> _Problem requirements_:
Can you quote the lines below exactly, starting at the line with "Building Photo - 602 Fieldcrest Dr" and going through the last one?

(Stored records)
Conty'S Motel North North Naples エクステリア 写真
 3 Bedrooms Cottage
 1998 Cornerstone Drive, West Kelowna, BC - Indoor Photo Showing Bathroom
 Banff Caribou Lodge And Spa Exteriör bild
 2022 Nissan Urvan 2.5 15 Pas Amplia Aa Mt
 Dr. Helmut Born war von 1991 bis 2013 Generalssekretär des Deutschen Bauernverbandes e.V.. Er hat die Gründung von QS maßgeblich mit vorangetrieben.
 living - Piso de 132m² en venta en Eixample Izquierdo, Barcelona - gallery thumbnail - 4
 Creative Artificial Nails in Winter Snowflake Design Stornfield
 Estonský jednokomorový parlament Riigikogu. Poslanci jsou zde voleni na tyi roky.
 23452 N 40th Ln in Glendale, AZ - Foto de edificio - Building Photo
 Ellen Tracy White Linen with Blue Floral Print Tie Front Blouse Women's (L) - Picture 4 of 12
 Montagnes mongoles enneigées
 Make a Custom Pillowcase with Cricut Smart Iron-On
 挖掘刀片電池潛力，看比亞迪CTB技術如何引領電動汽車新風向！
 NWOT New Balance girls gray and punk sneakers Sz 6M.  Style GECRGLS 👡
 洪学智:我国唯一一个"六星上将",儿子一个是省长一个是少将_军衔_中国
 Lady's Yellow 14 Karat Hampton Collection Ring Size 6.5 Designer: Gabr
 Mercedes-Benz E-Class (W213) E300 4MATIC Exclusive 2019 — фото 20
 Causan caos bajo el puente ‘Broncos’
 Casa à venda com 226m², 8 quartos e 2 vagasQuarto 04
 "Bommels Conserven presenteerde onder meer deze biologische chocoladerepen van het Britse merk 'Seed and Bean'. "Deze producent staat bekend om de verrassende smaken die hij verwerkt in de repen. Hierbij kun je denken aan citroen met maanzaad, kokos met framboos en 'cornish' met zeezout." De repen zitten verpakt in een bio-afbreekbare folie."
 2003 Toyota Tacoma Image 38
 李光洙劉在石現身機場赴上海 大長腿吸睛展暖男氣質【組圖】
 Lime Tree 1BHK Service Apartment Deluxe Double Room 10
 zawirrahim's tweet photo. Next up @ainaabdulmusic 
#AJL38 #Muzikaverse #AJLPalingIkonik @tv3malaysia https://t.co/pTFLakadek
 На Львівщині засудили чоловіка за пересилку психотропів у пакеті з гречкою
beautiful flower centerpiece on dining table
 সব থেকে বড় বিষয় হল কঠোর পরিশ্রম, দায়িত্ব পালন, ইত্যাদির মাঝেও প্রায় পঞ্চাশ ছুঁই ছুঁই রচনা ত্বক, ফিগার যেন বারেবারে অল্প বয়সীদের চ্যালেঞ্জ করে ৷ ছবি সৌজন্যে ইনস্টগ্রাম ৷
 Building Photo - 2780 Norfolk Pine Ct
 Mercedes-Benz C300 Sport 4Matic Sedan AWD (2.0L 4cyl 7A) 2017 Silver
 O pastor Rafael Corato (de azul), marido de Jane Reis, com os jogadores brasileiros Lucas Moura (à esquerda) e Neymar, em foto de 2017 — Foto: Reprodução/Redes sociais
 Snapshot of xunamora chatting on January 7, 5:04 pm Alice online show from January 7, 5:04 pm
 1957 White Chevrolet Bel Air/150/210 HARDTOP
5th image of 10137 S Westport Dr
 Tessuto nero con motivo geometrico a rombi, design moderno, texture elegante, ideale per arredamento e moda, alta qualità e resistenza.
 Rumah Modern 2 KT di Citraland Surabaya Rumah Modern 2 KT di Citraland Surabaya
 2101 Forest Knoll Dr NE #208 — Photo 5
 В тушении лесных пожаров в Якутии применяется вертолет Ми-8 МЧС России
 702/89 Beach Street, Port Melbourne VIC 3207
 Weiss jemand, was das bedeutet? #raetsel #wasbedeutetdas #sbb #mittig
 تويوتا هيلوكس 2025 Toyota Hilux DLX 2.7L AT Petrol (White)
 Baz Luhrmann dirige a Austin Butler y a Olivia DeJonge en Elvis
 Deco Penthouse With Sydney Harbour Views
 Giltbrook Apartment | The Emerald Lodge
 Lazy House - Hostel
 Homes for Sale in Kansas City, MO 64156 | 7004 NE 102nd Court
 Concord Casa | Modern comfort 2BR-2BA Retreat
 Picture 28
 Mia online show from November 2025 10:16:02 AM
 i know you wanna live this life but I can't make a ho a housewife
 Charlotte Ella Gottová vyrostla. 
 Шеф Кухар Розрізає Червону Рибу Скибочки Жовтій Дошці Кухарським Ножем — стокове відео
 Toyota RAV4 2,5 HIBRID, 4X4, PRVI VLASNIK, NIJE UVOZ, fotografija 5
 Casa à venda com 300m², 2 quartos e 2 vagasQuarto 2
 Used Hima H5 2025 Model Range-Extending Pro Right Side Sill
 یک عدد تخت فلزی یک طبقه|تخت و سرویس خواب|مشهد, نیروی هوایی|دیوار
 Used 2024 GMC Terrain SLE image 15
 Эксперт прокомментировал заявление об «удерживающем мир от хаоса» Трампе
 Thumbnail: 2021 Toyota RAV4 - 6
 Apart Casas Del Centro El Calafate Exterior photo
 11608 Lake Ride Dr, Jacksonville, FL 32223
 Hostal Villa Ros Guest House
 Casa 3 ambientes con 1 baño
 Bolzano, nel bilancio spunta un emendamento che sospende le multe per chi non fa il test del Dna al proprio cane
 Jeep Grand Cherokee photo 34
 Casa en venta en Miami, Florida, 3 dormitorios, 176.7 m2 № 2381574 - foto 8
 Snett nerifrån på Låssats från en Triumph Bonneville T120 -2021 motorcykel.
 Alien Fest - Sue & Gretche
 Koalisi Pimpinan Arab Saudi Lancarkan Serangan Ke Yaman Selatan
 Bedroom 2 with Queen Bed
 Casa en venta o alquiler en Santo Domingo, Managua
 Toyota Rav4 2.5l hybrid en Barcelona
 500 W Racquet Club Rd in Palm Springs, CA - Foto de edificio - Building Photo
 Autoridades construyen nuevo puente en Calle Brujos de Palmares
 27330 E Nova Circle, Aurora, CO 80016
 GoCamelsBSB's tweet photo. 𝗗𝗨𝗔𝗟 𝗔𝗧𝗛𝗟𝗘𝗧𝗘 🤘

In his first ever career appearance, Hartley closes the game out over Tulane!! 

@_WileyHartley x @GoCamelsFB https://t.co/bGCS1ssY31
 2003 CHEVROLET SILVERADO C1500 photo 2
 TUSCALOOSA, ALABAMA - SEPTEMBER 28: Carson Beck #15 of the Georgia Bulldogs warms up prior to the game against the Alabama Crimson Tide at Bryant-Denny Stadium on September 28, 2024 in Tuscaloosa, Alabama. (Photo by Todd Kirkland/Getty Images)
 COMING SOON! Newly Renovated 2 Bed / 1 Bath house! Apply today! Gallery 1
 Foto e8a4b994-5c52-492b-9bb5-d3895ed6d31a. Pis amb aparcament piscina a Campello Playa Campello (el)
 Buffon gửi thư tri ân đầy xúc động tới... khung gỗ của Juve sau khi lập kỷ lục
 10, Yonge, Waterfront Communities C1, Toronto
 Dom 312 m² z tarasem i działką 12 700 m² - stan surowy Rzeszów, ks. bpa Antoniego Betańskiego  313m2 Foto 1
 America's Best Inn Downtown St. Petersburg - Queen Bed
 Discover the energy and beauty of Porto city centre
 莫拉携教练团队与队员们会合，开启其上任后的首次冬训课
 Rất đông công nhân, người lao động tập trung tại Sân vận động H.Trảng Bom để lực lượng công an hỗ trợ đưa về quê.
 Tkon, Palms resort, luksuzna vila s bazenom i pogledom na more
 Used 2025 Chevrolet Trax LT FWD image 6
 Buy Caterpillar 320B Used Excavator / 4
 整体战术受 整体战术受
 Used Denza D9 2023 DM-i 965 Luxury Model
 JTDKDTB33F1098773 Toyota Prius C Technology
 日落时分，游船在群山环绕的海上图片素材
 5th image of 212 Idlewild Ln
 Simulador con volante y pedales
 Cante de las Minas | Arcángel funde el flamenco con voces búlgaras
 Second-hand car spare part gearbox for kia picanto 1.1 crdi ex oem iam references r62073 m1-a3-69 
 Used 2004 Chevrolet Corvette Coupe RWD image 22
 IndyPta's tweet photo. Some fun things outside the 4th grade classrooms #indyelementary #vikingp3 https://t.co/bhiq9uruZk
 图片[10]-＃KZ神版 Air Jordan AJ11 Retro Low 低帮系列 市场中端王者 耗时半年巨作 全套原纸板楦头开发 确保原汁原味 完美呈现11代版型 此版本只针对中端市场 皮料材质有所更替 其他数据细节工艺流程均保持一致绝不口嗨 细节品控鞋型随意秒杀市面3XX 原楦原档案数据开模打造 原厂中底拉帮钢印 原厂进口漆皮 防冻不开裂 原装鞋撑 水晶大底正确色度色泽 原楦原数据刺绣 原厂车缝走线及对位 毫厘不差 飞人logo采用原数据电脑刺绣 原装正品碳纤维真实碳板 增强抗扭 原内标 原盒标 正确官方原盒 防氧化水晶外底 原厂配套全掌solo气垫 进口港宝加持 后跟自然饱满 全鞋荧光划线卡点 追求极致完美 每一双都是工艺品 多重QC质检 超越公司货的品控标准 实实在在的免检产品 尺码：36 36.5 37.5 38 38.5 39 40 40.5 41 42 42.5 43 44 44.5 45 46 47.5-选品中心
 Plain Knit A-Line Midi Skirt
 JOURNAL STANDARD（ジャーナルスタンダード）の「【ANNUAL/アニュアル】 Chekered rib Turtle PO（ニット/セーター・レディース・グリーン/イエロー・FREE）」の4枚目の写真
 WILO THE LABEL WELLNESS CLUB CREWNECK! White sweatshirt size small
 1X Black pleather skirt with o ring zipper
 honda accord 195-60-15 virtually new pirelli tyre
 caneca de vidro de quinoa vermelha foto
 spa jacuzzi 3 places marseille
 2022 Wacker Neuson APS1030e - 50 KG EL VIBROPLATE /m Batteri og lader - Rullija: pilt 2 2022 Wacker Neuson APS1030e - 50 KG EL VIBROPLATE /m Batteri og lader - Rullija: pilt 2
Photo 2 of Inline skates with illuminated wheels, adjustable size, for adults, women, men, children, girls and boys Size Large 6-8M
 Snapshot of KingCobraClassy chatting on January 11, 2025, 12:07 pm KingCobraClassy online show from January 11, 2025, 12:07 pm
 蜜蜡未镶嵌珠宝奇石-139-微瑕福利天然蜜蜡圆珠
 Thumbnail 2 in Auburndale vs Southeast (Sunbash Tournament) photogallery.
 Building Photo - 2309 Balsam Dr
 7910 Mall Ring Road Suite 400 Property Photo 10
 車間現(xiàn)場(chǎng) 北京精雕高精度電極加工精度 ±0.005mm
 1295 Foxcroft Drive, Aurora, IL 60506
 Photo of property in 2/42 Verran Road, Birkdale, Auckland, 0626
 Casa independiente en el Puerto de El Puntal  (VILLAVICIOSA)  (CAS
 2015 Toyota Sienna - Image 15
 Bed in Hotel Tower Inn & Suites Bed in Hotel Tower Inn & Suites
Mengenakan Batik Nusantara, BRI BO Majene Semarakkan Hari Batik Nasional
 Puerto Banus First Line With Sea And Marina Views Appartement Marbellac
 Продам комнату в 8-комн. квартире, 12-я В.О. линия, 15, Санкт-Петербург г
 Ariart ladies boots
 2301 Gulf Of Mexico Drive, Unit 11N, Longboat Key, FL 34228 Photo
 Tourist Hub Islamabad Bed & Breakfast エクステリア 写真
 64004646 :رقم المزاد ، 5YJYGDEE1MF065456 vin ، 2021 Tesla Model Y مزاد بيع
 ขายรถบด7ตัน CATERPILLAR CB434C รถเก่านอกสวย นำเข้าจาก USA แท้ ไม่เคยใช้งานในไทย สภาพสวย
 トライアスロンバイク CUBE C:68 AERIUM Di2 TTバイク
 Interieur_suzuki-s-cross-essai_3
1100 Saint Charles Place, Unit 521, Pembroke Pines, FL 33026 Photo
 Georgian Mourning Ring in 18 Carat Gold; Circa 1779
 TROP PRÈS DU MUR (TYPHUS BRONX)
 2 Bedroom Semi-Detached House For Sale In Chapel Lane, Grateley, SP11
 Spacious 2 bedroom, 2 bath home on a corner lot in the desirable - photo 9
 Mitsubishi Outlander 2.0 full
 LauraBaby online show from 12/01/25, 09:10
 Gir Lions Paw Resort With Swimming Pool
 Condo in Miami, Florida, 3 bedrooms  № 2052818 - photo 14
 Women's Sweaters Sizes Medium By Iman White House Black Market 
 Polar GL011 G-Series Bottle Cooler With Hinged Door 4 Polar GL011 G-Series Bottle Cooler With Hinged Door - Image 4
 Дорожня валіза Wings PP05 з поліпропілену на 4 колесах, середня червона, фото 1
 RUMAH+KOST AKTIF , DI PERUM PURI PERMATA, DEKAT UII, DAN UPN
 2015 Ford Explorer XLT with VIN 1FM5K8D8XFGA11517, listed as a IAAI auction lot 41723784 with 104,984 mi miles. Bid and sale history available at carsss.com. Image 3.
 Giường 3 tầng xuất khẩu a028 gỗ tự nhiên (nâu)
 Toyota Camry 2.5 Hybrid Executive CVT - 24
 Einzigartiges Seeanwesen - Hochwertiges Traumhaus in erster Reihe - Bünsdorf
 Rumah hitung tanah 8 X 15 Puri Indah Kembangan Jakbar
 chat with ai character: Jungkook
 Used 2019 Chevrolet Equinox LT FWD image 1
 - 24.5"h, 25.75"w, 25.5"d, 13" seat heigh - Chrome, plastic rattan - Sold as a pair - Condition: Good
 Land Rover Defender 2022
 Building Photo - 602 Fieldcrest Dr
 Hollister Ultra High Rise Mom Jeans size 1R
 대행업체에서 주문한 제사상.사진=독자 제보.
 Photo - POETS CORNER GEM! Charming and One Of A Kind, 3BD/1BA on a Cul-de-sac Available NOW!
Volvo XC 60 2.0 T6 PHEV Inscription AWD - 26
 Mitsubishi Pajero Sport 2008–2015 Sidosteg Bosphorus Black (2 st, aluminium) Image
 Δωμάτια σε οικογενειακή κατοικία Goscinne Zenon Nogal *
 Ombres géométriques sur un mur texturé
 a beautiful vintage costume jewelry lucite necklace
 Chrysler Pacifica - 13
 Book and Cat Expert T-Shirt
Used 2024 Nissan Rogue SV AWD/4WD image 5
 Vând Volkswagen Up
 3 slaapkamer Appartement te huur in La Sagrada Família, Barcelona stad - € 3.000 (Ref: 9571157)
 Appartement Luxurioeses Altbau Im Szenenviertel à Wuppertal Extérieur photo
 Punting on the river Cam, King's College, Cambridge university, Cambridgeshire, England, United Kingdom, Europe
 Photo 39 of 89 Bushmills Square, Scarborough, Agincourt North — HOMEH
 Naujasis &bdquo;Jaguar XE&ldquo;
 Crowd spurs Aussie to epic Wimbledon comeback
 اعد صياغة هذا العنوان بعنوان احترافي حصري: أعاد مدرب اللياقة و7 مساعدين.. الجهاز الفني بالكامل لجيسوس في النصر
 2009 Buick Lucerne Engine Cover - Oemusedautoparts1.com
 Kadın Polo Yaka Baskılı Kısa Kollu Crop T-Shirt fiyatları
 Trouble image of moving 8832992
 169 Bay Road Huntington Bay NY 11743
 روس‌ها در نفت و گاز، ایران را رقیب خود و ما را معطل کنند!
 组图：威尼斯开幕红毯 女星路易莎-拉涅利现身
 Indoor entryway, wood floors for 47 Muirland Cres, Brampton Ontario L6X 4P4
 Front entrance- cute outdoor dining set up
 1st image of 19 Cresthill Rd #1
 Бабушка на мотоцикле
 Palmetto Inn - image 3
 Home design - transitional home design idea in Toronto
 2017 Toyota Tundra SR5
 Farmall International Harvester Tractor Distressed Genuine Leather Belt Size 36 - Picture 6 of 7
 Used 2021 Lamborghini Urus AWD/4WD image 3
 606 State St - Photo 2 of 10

> _Exercise answer_:
 Building Photo - 602 Fieldcrest Dr
 Hollister Ultra High Rise Mom Jeans size 1R
 대행업체에서 주문한 제사상.사진=독자 제보.
 Photo - POETS CORNER GEM! Charming and One Of A Kind, 3BD/1BA on a Cul-de-sac Available NOW!
Volvo XC 60 2.0 T6 PHEV Inscription AWD - 26
 Mitsubishi Pajero Sport 2008–2015 Sidosteg Bosphorus Black (2 st, aluminium) Image
 Δωμάτια σε οικογενειακή κατοικία Goscinne Zenon Nogal *
 Ombres géométriques sur un mur texturé
 a beautiful vintage costume jewelry lucite necklace
 Chrysler Pacifica - 13
 Book and Cat Expert T-Shirt
Used 2024 Nissan Rogue SV AWD/4WD image 5
 Vând Volkswagen Up
 3 slaapkamer Appartement te huur in La Sagrada Família, Barcelona stad - € 3.000 (Ref: 9571157)
 Appartement Luxurioeses Altbau Im Szenenviertel à Wuppertal Extérieur photo
 Punting on the river Cam, King's College, Cambridge university, Cambridgeshire, England, United Kingdom, Europe
 Photo 39 of 89 Bushmills Square, Scarborough, Agincourt North — HOMEH
 Naujasis &bdquo;Jaguar XE&ldquo;
 Crowd spurs Aussie to epic Wimbledon comeback
 اعد صياغة هذا العنوان بعنوان احترافي حصري: أعاد مدرب اللياقة و7 مساعدين.. الجهاز الفني بالكامل لجيسوس في النصر
 2009 Buick Lucerne Engine Cover - Oemusedautoparts1.com
 Kadın Polo Yaka Baskılı Kısa Kollu Crop T-Shirt fiyatları
 Trouble image of moving 8832992
 169 Bay Road Huntington Bay NY 11743
 روس‌ها در نفت و گاز، ایران را رقیب خود و ما را معطل کنند!
 组图：威尼斯开幕红毯 女星路易莎-拉涅利现身
 Indoor entryway, wood floors for 47 Muirland Cres, Brampton Ontario L6X 4P4
 Front entrance- cute outdoor dining set up
 1st image of 19 Cresthill Rd #1
 Бабушка на мотоцикле
 Palmetto Inn - image 3
 Home design - transitional home design idea in Toronto
 2017 Toyota Tundra SR5
 Farmall International Harvester Tractor Distressed Genuine Leather Belt Size 36 - Picture 6 of 7
 Used 2021 Lamborghini Urus AWD/4WD image 3
 606 State St - Photo 2 of 10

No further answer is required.